Planting the seeds of innovation at DBS

We find out how award-winning Chief Innovation Officer, Neal Cross, is creating and nurturing an innovation-driven culture in his organisation.

By Nurdianah Md Nur
Sept. 13, 2016


"Another example was how we've used data analytics to increase the efficiency of our ATMs. We identified the peak periods for withdrawal and usage, when to replenish cash in the ATM to prevent incidents where it has run out of money, as well as identified when we needed to service the machine to prevent breakdowns. This has significantly reduced the number of complaints and breakdowns in the past year," Cross illustrated.

When asked what's next for his team, Cross replied that "their number one priority this year is to support DBS' project called Iconic Journeys, in which the bank uses human-centred design, experimentation and agile methodology to deliver a significant shift in how their customers interact with the bank." He added that his team will also be "learning how to effectively regionalise the innovation programmes" so that they can be extended to more employees and partners as the bank expands its footprint in Hong Kong and India.

What it takes to be a successful Chief Innovation Officer
As mentioned before, changing an organisation's process and structure - which is the responsibility of the CIO - is no easy feat.  To facilitate such changes, Cross advised CIOs to "educate employees about the changes which are going to be introduced, clear all their doubts regarding why, and why now." "Gradually make them understand the rationale and the urgency behind such a change. A true leader has to be exemplary; inspiring others to not only follow their footsteps, but also to create newer footprints along the way," he asserted.

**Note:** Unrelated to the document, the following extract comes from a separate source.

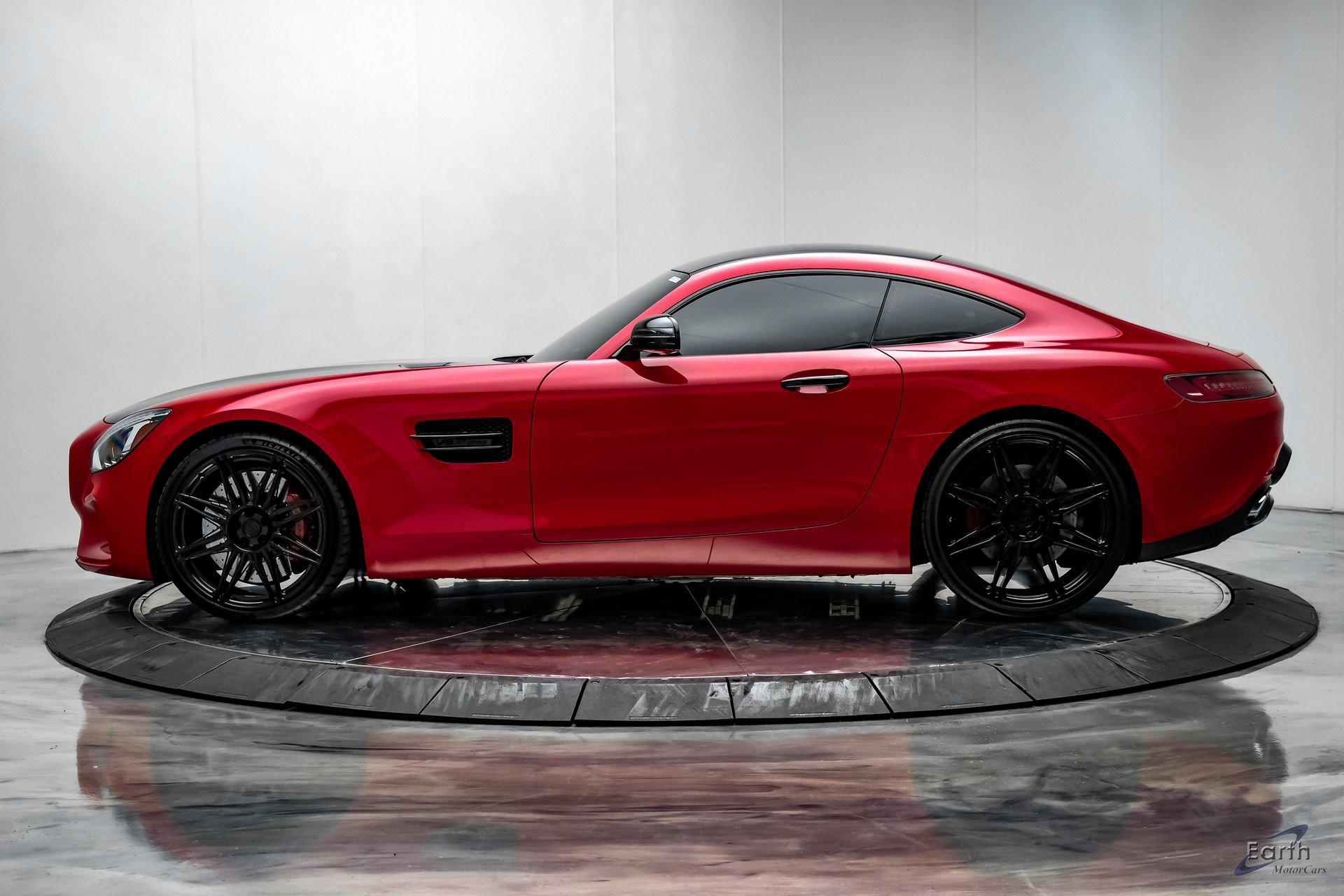 Used 2016 Mercedes-Benz AMG GT S image 8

When asked about the key traits a CIO should have, Cross replied: "Firstly, they should be a leader rather than a manager. Through this, they should be able to build and retain a world class team. Personally I do four things for my team: I give protection, education, inspiration, and most importantly, freedom."

"Secondly, they should have a sales and marketing mindset, especially if they need to convince senior executives to partner on an innovation programme, which is quite different from the way they normally operate."

"Finally, in this age where most innovation tends to end up as a technical implementation, a CIO needs to deeply understand the history and future of technology megatrends."

He added: "The three lessons I've held on to that have helped me to achieve the [most disruptive CIO] award are: stay humble because you can always continue learning new things, to give recognition to your people and team who have helped to support your ideas, and to always have a larger purpose in life."

"On that last note, being involved in setting up the Hotel Orangutan in Sumatra has given me alternate perspectives away from my everyday corporate life, enabling me to a better innovator and driver for programmes. That's something I'd like to encourage all innovators to do; to find a sense of purpose apart from their everyday job."